# Bush ‘escape train’ under N.Y. hotel



## Noordam (Sep 26, 2003)

http://www.msnbc.com/news/972285.asp?0cv=CB20

During President Bush’s two-day stay at the ritzy Waldorf-Astoria hotel in New York this week while seeking international support for Iraq, a special escape train was idling beneath the hotel, ready to whisk him to safety at a moment’s notice in the event of a terrorist attack, it was reported Friday.

THE SECRET SERVICE arranged for the Metro-North train to be parked at an abandoned platform, always running and ready for instant departure throughout the president’s stay at the hotel on Tuesday and Wednesday, the New York Post reported, quoting unidentified law enforcement sources.

The platform — identified as Track 61 on Grand Central Terminal blueprints — is accessible by an underground passage from inside the landmark hotel and by a freight elevator that descends from a brass-sheathed door next to the hotel’s parking garage, giving the president and his entourage a second egress route in case of emergency, the Post said. Had that occurred, the train would have sped off to an undisclosed secure location, it said.
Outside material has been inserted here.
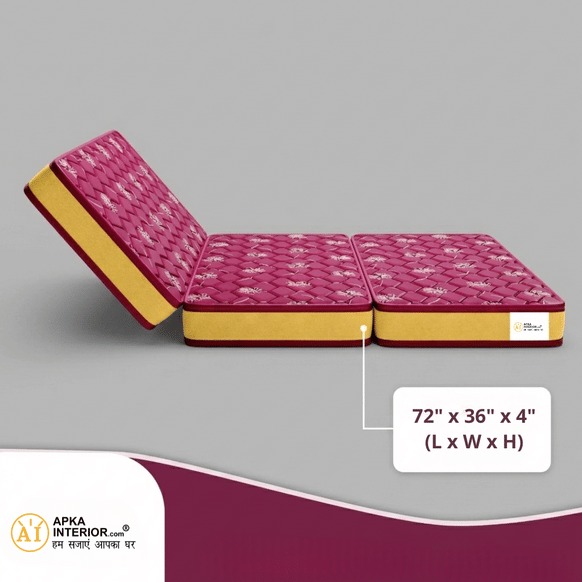 Single Size PU Foam 72 x 36 x 4 Inch Mattress (Maroon) - front_view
The unused station is under the Waldorf on 49th Street and Park Avenue and was never meant for riders, the Post said. The platform and adjacent tracks are normally used as a yard for out-of-service trains and can be seen by commuters going in and out of Grand Central Station, the newspaper reported.

*************************************************

And from a poster on a non-rr forum

soleft (1000+ posts) Fri Sep-26-03 05:01 PM

Response to Original message

1. My Boss, a train eficionado, says the Vanderbilts used the track

so they could avoid going to Grand Central. Other rich people used it too, they would pull the car off the regular train and just have it roll to the hotel


----------



## Viewliner (Sep 26, 2003)

If I remember correctly they mentioned this on "Seven Secrets of Grand Central". The platform/elevator was built to hold a car. This was because at the time of FDR's presidency, they didn't want people to know about his Polio condition, so the train would stop at that platform and a car would exit the train with him in it.


----------



## gswager (Sep 27, 2003)

Sound very interesting!

Was "Seven Screts of Grand Central" shown on TV? Which channel and will it run again?


----------



## AlanB (Sep 27, 2003)

gswager said:


> Sound very interesting!
> Was "Seven Screts of Grand Central" shown on TV? Which channel and will it run again?


It was indeed shown on TV, several times on the local PBS station if I recall correctly. No idea if it will be shown again though.


----------



## Noordam (Sep 28, 2003)

AlanB said:


> gswager said:
> 
> 
> > Sound very interesting!
> ...


looks like Sunday the 28th LOL.

http://www.thirteen.org/watch/highlights.p....php?view_day=6


----------



## gswager (Sep 28, 2003)

Darn! I ain't a New Yorker. I hope that it'll show on either History or Discovery channels.


----------